*Provided records:*
● ● ●

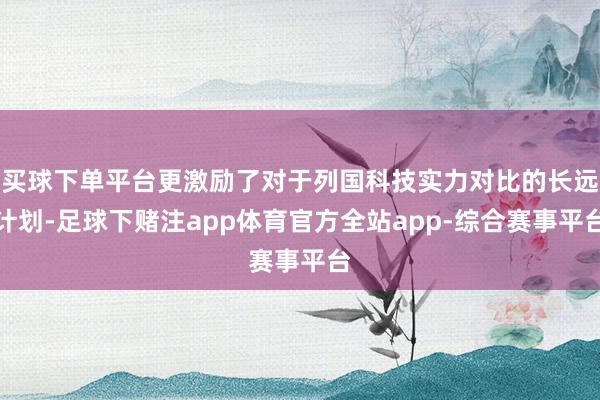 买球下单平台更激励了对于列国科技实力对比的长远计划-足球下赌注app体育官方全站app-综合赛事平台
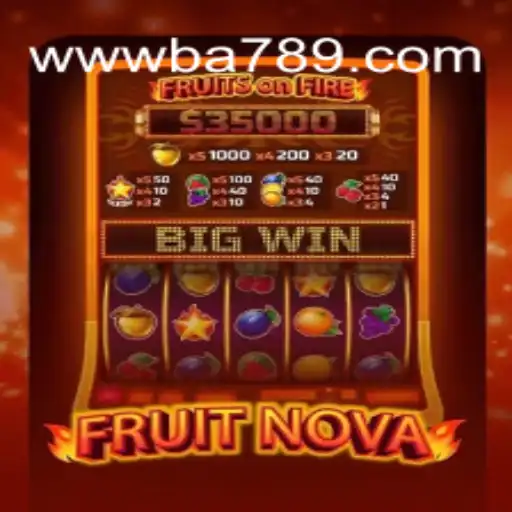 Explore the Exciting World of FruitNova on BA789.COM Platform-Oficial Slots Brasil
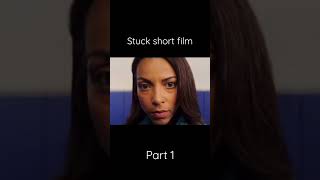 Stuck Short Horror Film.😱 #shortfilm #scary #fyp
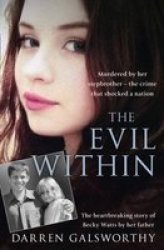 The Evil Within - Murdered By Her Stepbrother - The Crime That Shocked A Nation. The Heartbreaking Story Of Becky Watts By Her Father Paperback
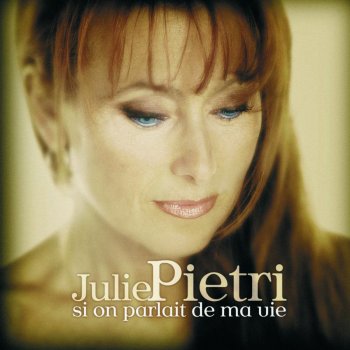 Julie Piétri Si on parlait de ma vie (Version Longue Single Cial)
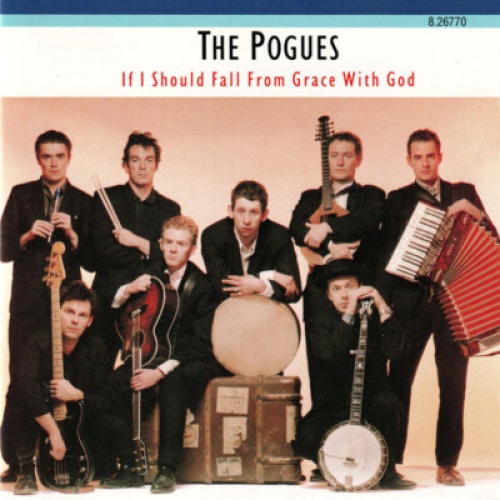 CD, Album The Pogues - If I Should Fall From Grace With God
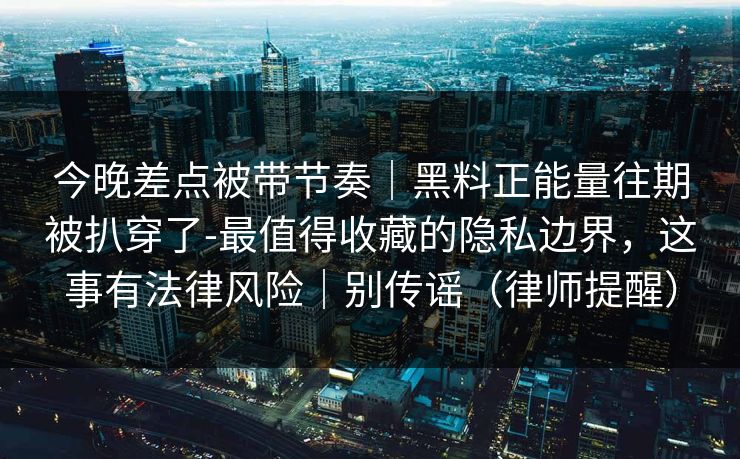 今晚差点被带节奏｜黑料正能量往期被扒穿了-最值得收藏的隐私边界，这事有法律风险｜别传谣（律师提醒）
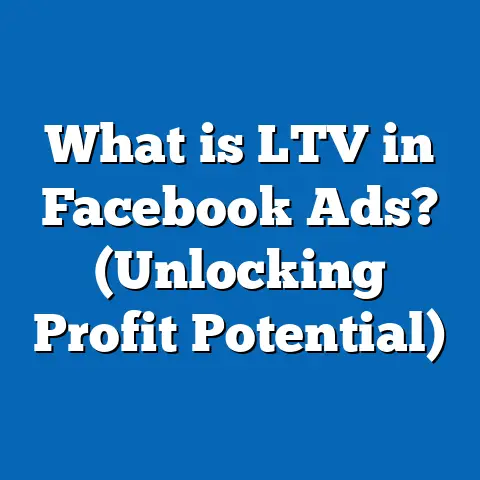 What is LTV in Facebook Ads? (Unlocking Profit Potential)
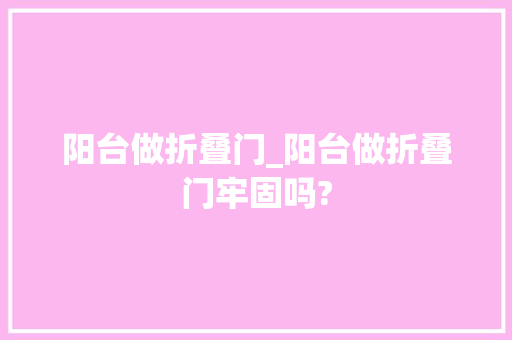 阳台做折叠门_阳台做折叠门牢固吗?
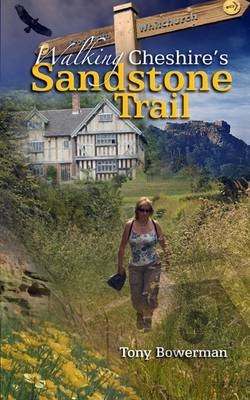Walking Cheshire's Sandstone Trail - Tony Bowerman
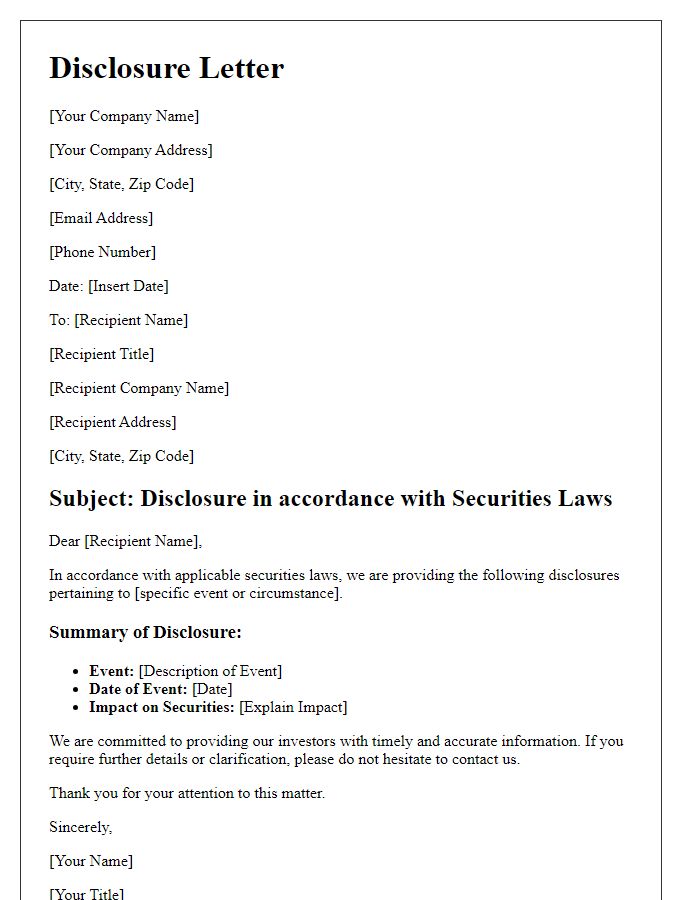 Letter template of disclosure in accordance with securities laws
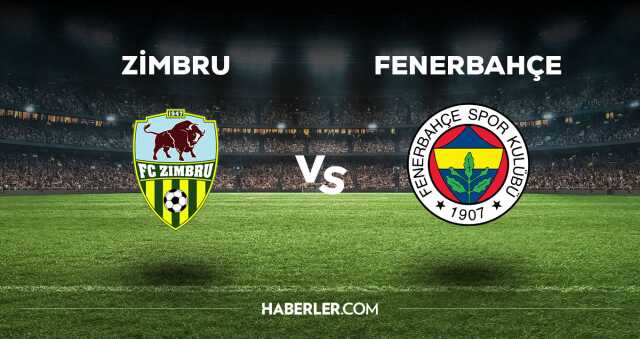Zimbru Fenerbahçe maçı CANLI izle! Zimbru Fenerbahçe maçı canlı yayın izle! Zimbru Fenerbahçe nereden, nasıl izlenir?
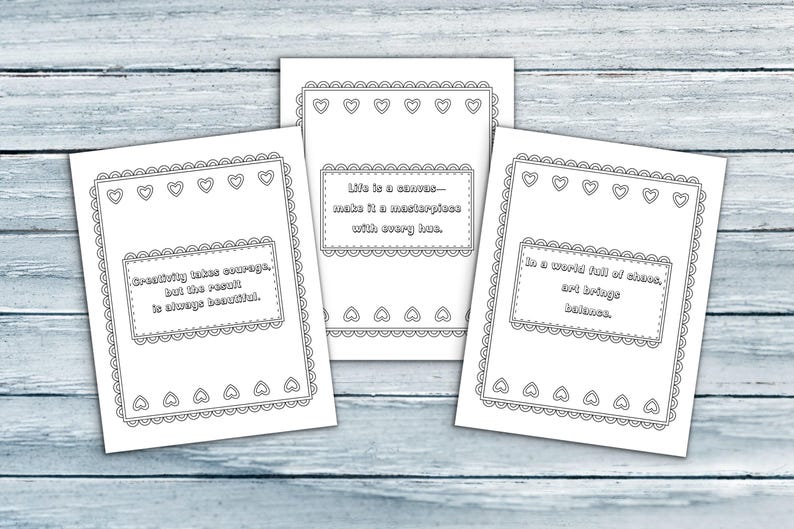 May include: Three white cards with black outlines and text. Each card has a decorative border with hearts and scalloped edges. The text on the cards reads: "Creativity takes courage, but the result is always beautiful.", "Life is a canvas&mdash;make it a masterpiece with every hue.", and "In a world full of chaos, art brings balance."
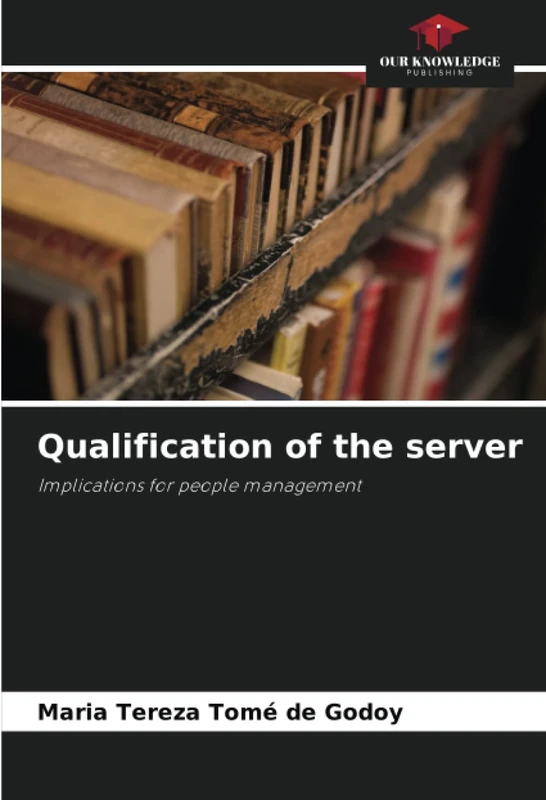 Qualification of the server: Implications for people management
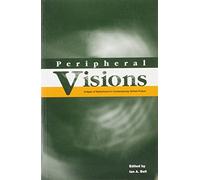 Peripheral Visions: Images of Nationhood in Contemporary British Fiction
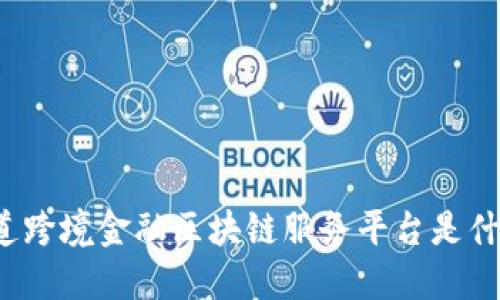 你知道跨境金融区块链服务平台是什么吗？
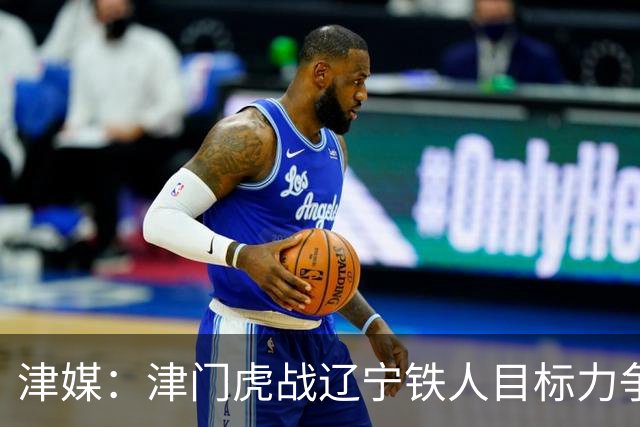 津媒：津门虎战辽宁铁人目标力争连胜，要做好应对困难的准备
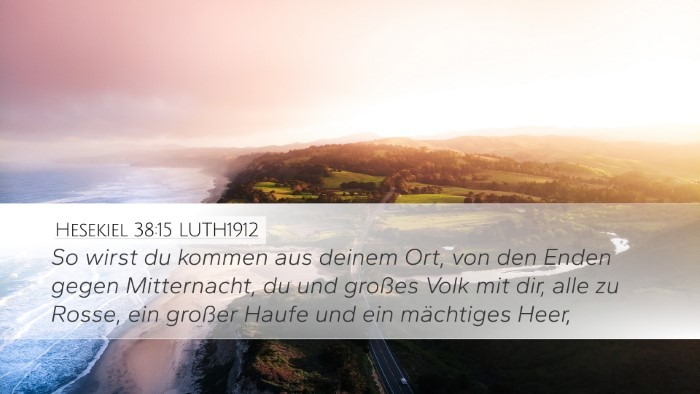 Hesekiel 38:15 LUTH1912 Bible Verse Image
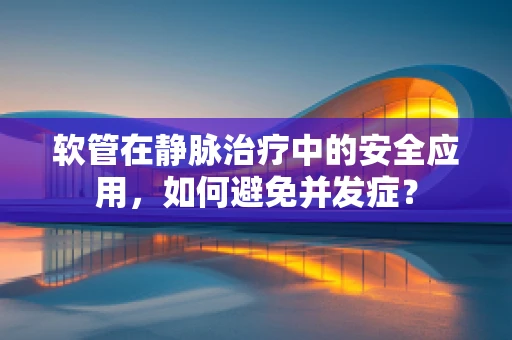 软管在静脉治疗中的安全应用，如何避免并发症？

● ● ●

*Task description:*
With all pictures removed, reproduce the lines from the top of the entries above through the line containing "阳台做折叠门_阳台做折叠门牢固吗?", exactly as written.

*Completed exercise:*
 买球下单平台更激励了对于列国科技实力对比的长远计划-足球下赌注app体育官方全站app-综合赛事平台
 Explore the Exciting World of FruitNova on BA789.COM Platform-Oficial Slots Brasil
 Stuck Short Horror Film.😱 #shortfilm #scary #fyp
 The Evil Within - Murdered By Her Stepbrother - The Crime That Shocked A Nation. The Heartbreaking Story Of Becky Watts By Her Father Paperback
 Julie Piétri Si on parlait de ma vie (Version Longue Single Cial)
 CD, Album The Pogues - If I Should Fall From Grace With God
 今晚差点被带节奏｜黑料正能量往期被扒穿了-最值得收藏的隐私边界，这事有法律风险｜别传谣（律师提醒）
 What is LTV in Facebook Ads? (Unlocking Profit Potential)
 阳台做折叠门_阳台做折叠门牢固吗?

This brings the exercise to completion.